On Wednesday, he left his millions of followers scratching their heads with the message:

"I dunno … seems kinda fungible."

On the face of it, this suggests the world's richest man is questioning whether NFTs — which are designed to offer digital assets that are unique and provably scarce — match up to the hype.

Musk has also changed his avatar to a collage of Bored Ape NFTs — prompting a swift response from the man who created this image.

Michael Bouhanna, the co-head of digital art at the Sotheby's auction house, tweeted:

"As much as I admire your work I'd like you to remove your PFP I created for our Sotheby's sale. Or you credit me. Happy to send you the digital file minuted with the buyer approval."

While Musk's tweets once had the power to move memecoins like DOGE, the billionaire's missives are now influencing an entirely different set of altcoins.

Data from CoinMarketCap shows there was a sudden spike in the value of ApeCoin immediately after his profile picture was updated.
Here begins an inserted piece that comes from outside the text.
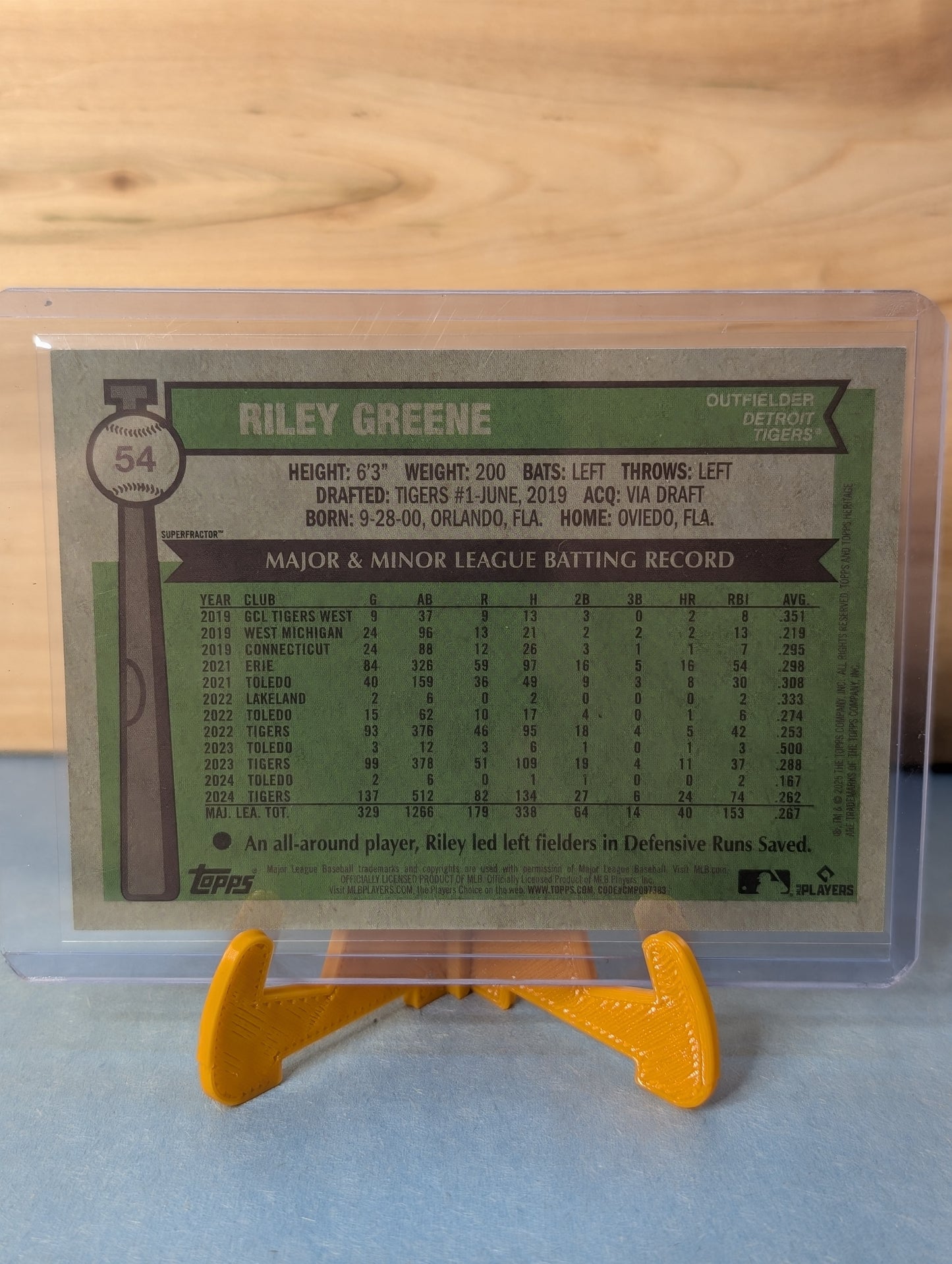 2025 Topps Heritage - Riley Greene #54 Superfractor!!! 1:1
In under an hour, APE surged from $14.59 to $17.49 — up 20%.

Twitter Deal in the Works

All of this comes as Musk's $44 billion deal to buy Twitter continues to progress.

Last night, he raised eyebrows by tweeting that, although the social network will "always be free" for casual users, he might introduce a "slight cost" for commercial and government users.

Sharing an analogy that explains his desire for charging such a subscription, he wrote:

"Ultimately, the downfall of the Freemasons was giving away their stonecutting services for nothing."

On Monday, Reuters also reported that Musk is in talks "with large investment firms and high-net-worth individuals" about securing additional financing for the acquisition — and using less of his personal wealth in the process.

Musk sold Tesla stock worth $8.5 billion last week, and is taking out a margin loan against his shares in the electric vehicle company, but he may have been spooked after $126 billion was wiped off Tesla's valuation during a single day of bruising trading on Wall Street last week.